ANAアメックス系のカードは2026年9月2日からカードデザインやサービス内容が大きくリニューアルされます。
ゴールドカードでは、年会費の値上げとANA SKY コイン獲得プログラムの終了は負担増につながりますが、新しい利用ボーナスマイルや空港ラウンジ、ダイニング特典が追加されます。
まずは、変更前と変更後を一覧で比較してみます。
ANAアメックスゴールドの2026年9月のリニューアル内容一覧
主なリニューアル内容をまとめると以下の通りです。
| 項目 | 変更前 | 変更後 | 評価 |
|---|---|---|---|
| 基本カード年会費 | 34,100円 | 42,900円 | 改悪 |
| 家族カード年会費 | 17,050円 | 21,450円 | 改悪 |
| 年間利用特典 | 300万円利用で10,000 SKY コイン | 400万円利用で15,000マイル | 利用額によるが実質改悪に見える |
| POWER LOUNGE PREMIUM | カード特典としての無料利用なし | 回数制限なく無料 | 改善 |
| POWER LOUNGE PREMIUM同伴者 | カード特典としての無料利用なし | 1名無料 | 改善 |
| ダイニングキャッシュバック | なし | 20%・年間最大2万円 | 改善 |
| カードデザイン | 従来デザイン | 新デザイン | 変更 |
| プライオリティ・パス | 年間2回無料 | 年間2回無料 | 変更なし |
| ANA航空券購入 | 100円=合計3マイル相当 | 100円=合計3マイル相当 | 変更なし |
| 継続ボーナス | 2,000マイル | 2,000マイル | 変更なし |
| 搭乗ボーナス | 25% | 25% | 変更なし |
| ポイント有効期限 | 無期限 | 無期限 | 変更なし |
特に大きいのは、年会費が42,900円になることと、年間利用特典の基準が300万円から400万円へ上がることです。
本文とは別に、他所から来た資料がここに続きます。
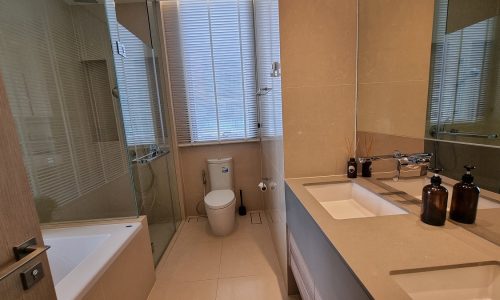 Asoke condo near University is available now. This 2-bedroom condo is located on a high floor (20+) of one of the most luxurious condominium projects in Asoke - The Esse Asoke.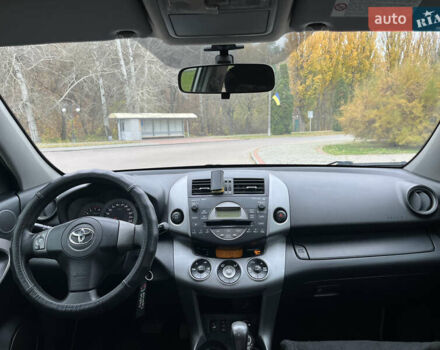Серый Тойота РАВ 4, объемом двигателя 2 л и пробегом 219 тыс. км за 10500 $, фото 9 на Automoto.ua
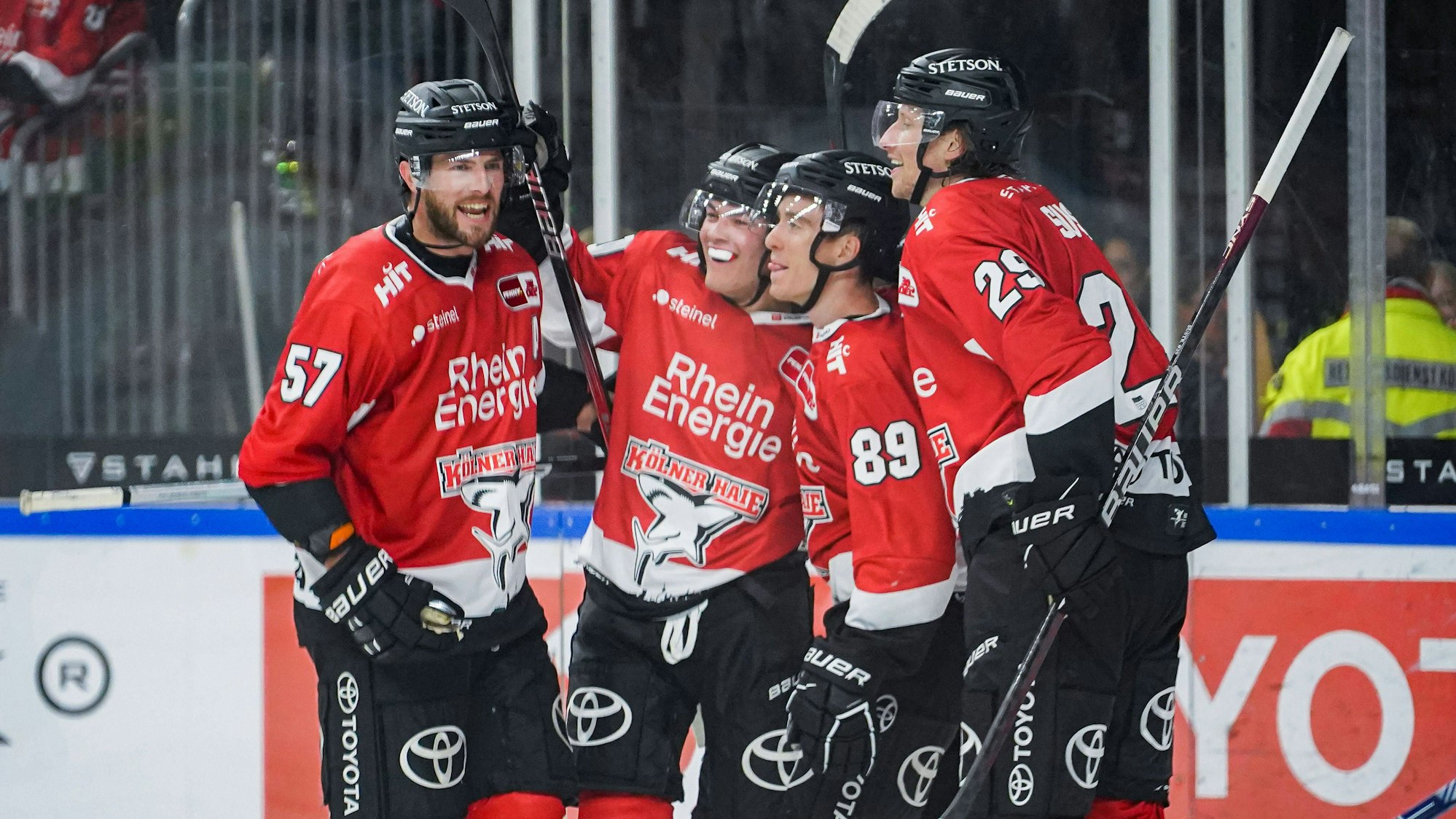 Brady Austin, Justin Schütz und Gregor MacLeod bejubeln das Tor zum 3:1.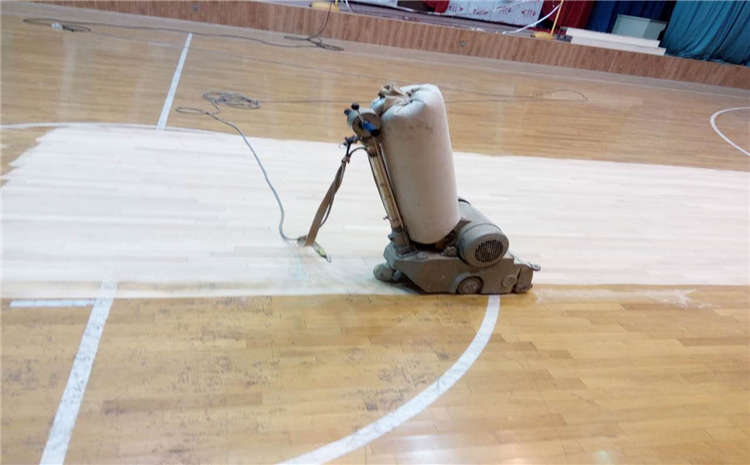 橡胶木篮球馆木地板双层龙骨结构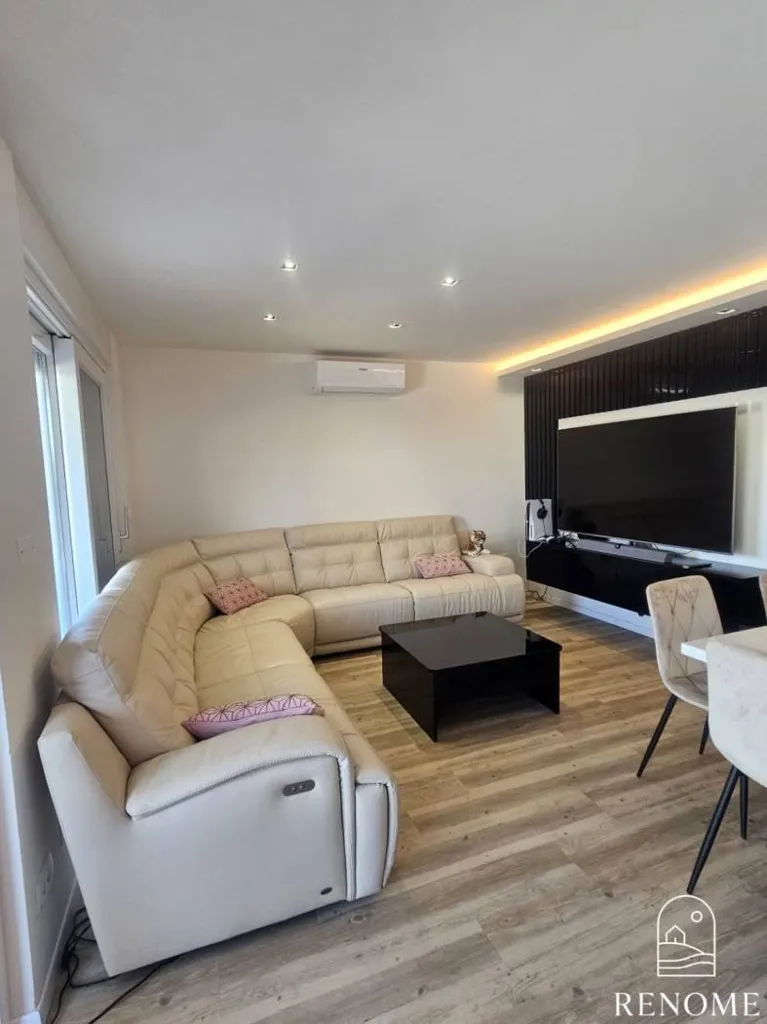 Soggiorno - Modern Ground Floor Flat with Private Garden in Novigrad
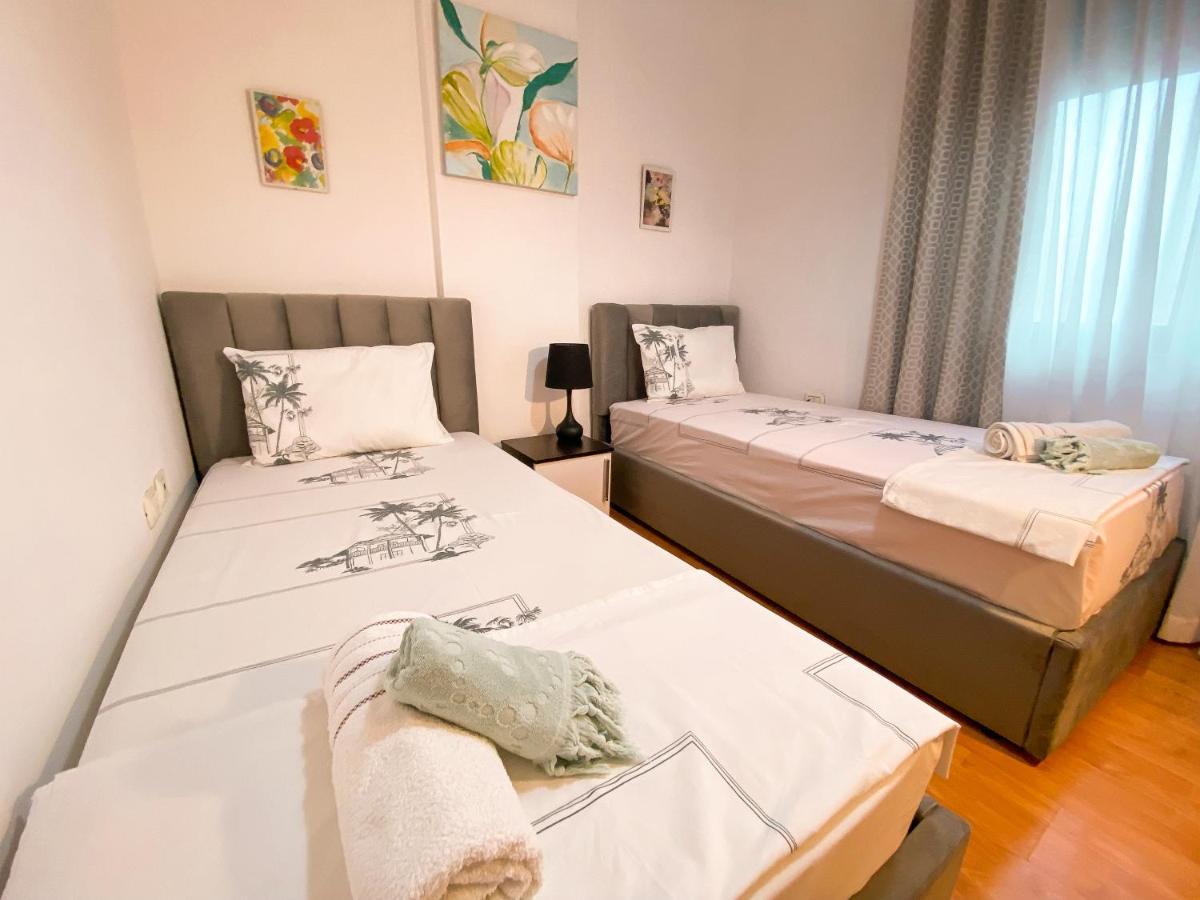 Tirana Views Apartment - Comfy & Spacious المظهر الخارجي الصورة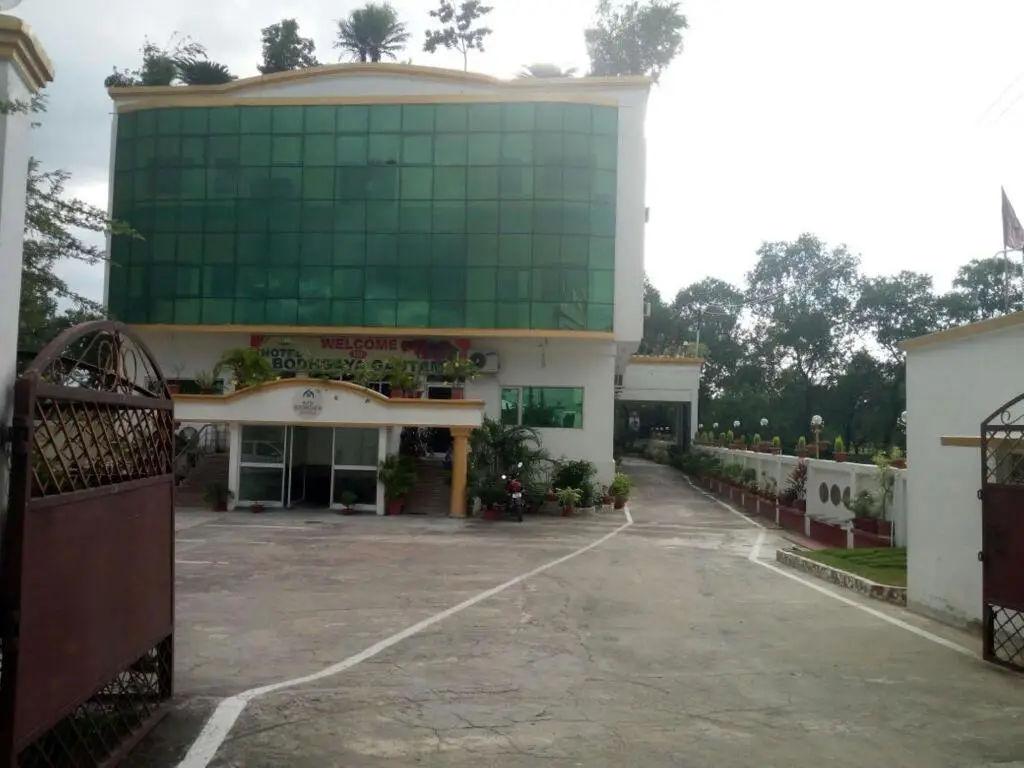 Hotel Bodhgaya Gautam — фото 1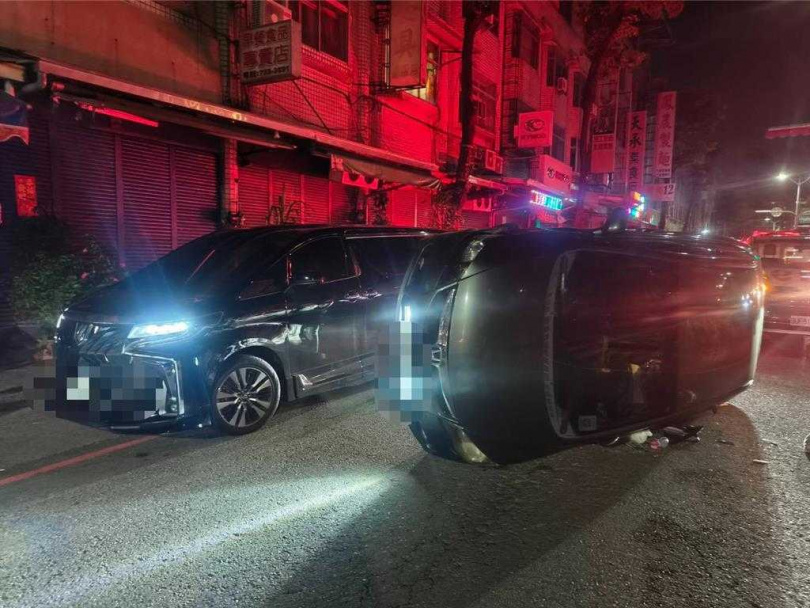 開車的陳姓男駕駛開車自撞路邊車輛，所幸車內嬰兒僅輕傷無大礙，不過陳男遭查出是通緝犯，母親也因涉案在日前入監服刑，因此男嬰被社會局帶回安置，讓陳男情緒崩潰。（圖／翻攝畫面）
その一方で、旅行とダイニングに関する新しいサービスが追加されています。
改悪された特典と改善された特典を比較
今回のリニューアルでは、年間利用額によって評価が大きく分かれます。
| 分類 | 内容 | 影響 |
|---|---|---|
| 改悪 | 基本カード年会費8,800円値上げ | すべての本会員に影響 |
| 改悪 | 家族カード年会費4,400円値上げ | 家族カード保有者に影響 |
| 改悪になりやすい | 年間利用条件300万円から400万円へ変更 | 年間300万円前後の利用者に影響大 |
| 改善になりやすい | 10,000 SKY コインから15,000マイルへ変更 | 400万円以上利用する人にメリット |
| 改善 | POWER LOUNGE PREMIUM追加 | 羽田第2ターミナル国際線利用者にメリット |
| 改善 | 20%ダイニングキャッシュバック | 対象レストラン利用者にメリット |
年間300万円程度でカード利用を止めていた人にとっては、今回の変更によるマイナスが比較的大きくなります。
反対に、年間400万円以上を利用し、新しい空港ラウンジやダイニング特典も使える人であれば、値上げ分を補いやすくなります。
結論:年会費は改悪だが特典は改善傾向にある
年会費だけを見ると、34,100円から42,900円への値上げなので負担増です。
年間利用特典の条件も300万円から400万円へ上がるため、すべての利用者にとって改善されたとは言えません。
一方で、400万円利用時には15,000マイルが追加され、POWER LOUNGE PREMIUMや年間最大2万円のダイニングキャッシュバックも加わります。
今後の継続して持ち続けるか、新規で入会するかの基準は、年間400万円以上のカード利用があるかどうかが基準になります。
ANAアメックスゴールドの改悪①:年会費が34,100円から42,900円に値上げ


年会費の話の前に、カードデザインが上記の様に変更されます。
今回の変更で最も分かりやすい改悪が年会費の値上げです。
基本カードだけでなく家族カードも同じ割合で値上げされるため、家族で保有している場合は年間負担額の増加がさらに大きくなります。
基本カードの年会費は8,800円値上げ
ANAアメックスゴールドの基本カード年会費は34,100円から42,900円になります。
年間では8,800円の負担増で、値上げ率は約25.8%です。
| 項目 | 旧年会費 |
|---|---|
| 旧年会費 | 34,100円 |
| 新年会費 | 42,900円 |
| 差額 | +8,800円 |
| 値上げ率 | 25.8% |
家族カードの年会費も17,050円から21,450円に値上げ
家族カードも17,050円から21,450円へ値上げされます。
1枚につき年間4,400円の負担増です。
| 保有方法 | 変更前 | 変更後 | 年間負担増 |
|---|---|---|---|
| 本会員のみ | 34,100円 | 42,900円 | 8,800円 |
| 本会員+家族カード1枚 | 51,150円 | 64,350円 | 13,200円 |
| 本会員+家族カード2枚 | 68,200円 | 85,800円 | 17,600円 |
夫婦で本会員と家族カードを1枚ずつ保有する場合、合計年会費は64,350円になります。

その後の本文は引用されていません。